Given data:
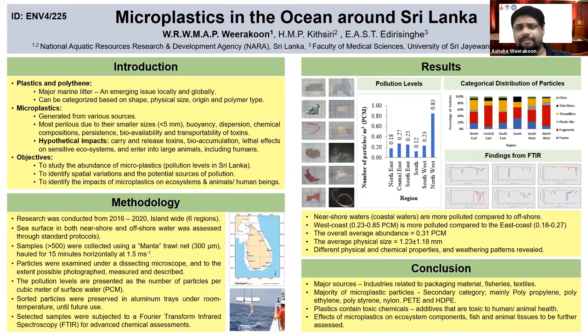We found that plastic contains different toxic material components that can be very toxic to humans and animals. Our suggestions are to conduct studies on the effect of microplastics on different ecosystem components — fish, seafood, animal tissues, and if possible, human tissues as well.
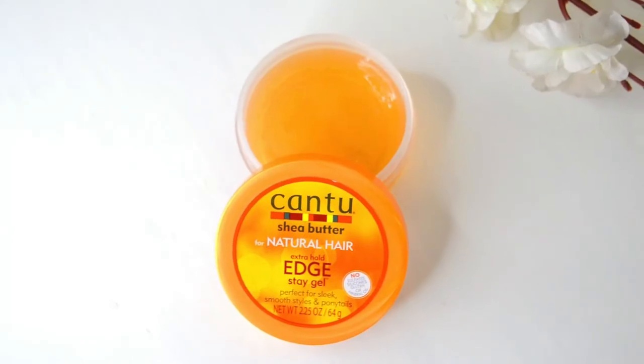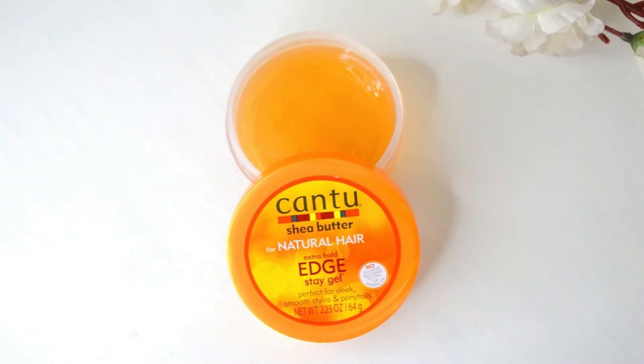The next item is the Cantu Extra Hold Edge Stay Gel. I'm not someone who's too crazy about laying edges, but once in a while I like to. I've noticed I prefer products with a waxy consistency over a gel formula for laying edges — waxy products tend to have a better hold. Waxy products are also better when you've straightened your hair, because gel has moisture to it which can revert your curls. I used this in one of my recent videos and so far so good. It is a very hard, thick product, so I put a bit on the back of my hand to warm it up first, which makes it much easier to apply.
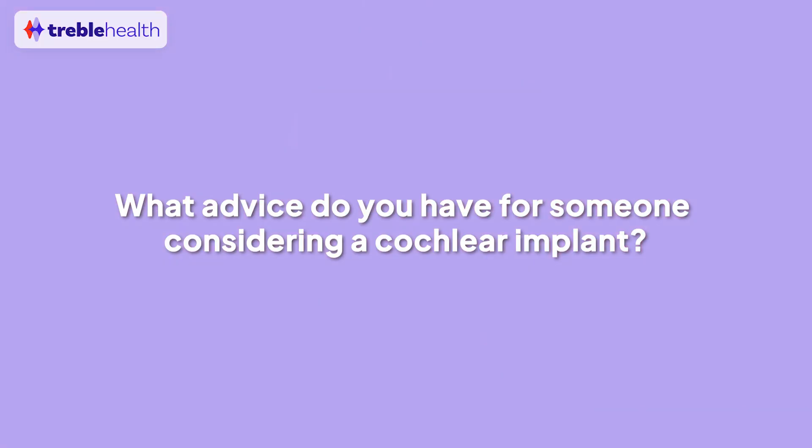What advice would you have for someone considering a cochlear implant primarily for tinnitus? You still have to be a candidate in terms of speech recognition. If somebody has normal hearing and really bad tinnitus, we wouldn't want to do a cochlear implant — it's designed for speech recognition improvement, so I wouldn't base the decision solely on tinnitus. That said, if somebody is only understanding 30% of speech and has significant tinnitus handicap, we would definitely expect a cochlear implant to help. Most people will see their tinnitus bother them less after getting one.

Exercise aim: Everything in the listing above must be restated word for word, except the images.

Solution:
We found that plastic contains different toxic material components that can be very toxic to humans and animals. Our suggestions are to conduct studies on the effect of microplastics on different ecosystem components — fish, seafood, animal tissues, and if possible, human tissues as well.
The next item is the Cantu Extra Hold Edge Stay Gel. I'm not someone who's too crazy about laying edges, but once in a while I like to. I've noticed I prefer products with a waxy consistency over a gel formula for laying edges — waxy products tend to have a better hold. Waxy products are also better when you've straightened your hair, because gel has moisture to it which can revert your curls. I used this in one of my recent videos and so far so good. It is a very hard, thick product, so I put a bit on the back of my hand to warm it up first, which makes it much easier to apply.
What advice would you have for someone considering a cochlear implant primarily for tinnitus? You still have to be a candidate in terms of speech recognition. If somebody has normal hearing and really bad tinnitus, we wouldn't want to do a cochlear implant — it's designed for speech recognition improvement, so I wouldn't base the decision solely on tinnitus. That said, if somebody is only understanding 30% of speech and has significant tinnitus handicap, we would definitely expect a cochlear implant to help. Most people will see their tinnitus bother them less after getting one.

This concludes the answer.